Well, I dabbled in all cultures most of my life, getting down with stickweeds of ghetto smoke as well as burning bowls with the prep kids. I like to keep my options open. So I'd go to the school dances, mostly because it was pretty dark and lawless and we'd drink grain alcohol mixed with grape Kool-Aid, and I'd get all fucked up and try to dip my finger in a young vagina, usually only to get more drunk than have adolescent sexual thrills.
Usually, they'd have the dances in the cafeteria with all the shit cleared out, but I remember they had one one time in the actual gym, because you had phys ed teachers checking your shoes upon entrance to make sure you wouldn't fuck up the floors. It might've been Sam the Beast that night, because he was the guy they brought in for the heavyweight school dances, but they threw on the "Night of the Living Baseheads" megamix, and I was probably higher than fuck or drunker than fuck or mesmerized by young pussy, but something was up, and that shit cracked my cranium. I mean, I had heard the original version, but the crazy remix just fucked me up. And they played that shit at a school dance. (You stupid fuckin' kids with your chicken noodle dance bullshit, and your goddamned white t-shirts dragging behind you like a ballgown. And don't you know wearing two earrings means you're a fag?)
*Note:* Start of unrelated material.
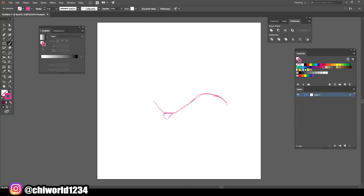What's good YouTube? Okay, so we're back with another video. This is Chi World 1, 2, 3, 4 and I'm drawing Bugs Bunny mighty fast.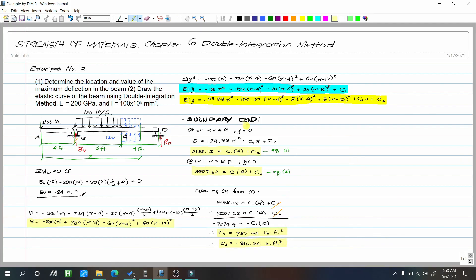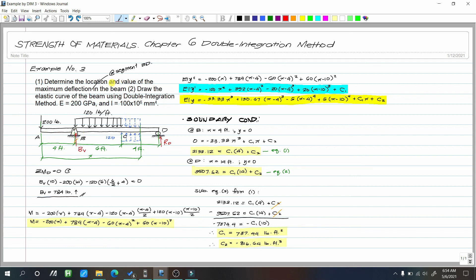With C1 and C2 determined, we can now use our equations to find maximum deflection. Actually, the problem should specify maximum deflection at segment BD. There are two possible maximum deflections: one in the overhang segment AB due to the 200-pound load, and one in segment BD. The elastic curve in the overhang will deflect downward. We are asked to find the maximum deflection at segment BD.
I ended up getting the full length PE Nation of Millions tape because this dude Evil Ed who was my main man had quit school at 16 and was working with some slum-ass white dude named Doug from nearby Cumberland, and we rode around one Friday night listening to music and getting high. I found Nation of Millions on the floor under the backseat and asked to pop it in, and whiteboy Doug was all like, "Man, we can't play that shit, that shit's old. The brothers will laugh our ass out the parking lot," while we were cruising. It's funny to remember with retro-minded internerd whiteboy blog upload culture that there was a time where if you weren't listening to the brand new shit, you were a fuckin' herb. But Doug didn't even want that tape, so I asked could I have it, and he said yeah, because it was some old shit. I've still got that exact same tape, although I lost the cover a few years back when I decided I didn't need to keep tape covers or cases anymore and only the shell itself and dumped them all into a couple big grocery bags.
But it is funny, I think some of my resentment of the whole Fear Of A Black Planet era PE is because Nation of Millions is a far superior Black Planet-style record, yet every redneck kid in shop class was jocking "Welcome To The Terrordome" like it was the newest shit that was ever new. The beats on Nation are far more insane, and the lyrics are far more revolutionary, so thinking about white dudes who used the word "nigger" to me regularly reciting the lyrics to "Terrordome" kind of negates any greatness that album might've held. It's more like a Uncle Tom Farrakhan shuck-and-jive routine in my memory bank.
Of course, I'm a white dude typing into the blogosphere about stupid shit about what PE record is more revolutionary. I always get on Chuck D for being a sell-out bitch, but look at me, sitting here typing words on a screen. And I don't even get paid. This is a stupid fuckin' world, and it makes you realize why people like crack.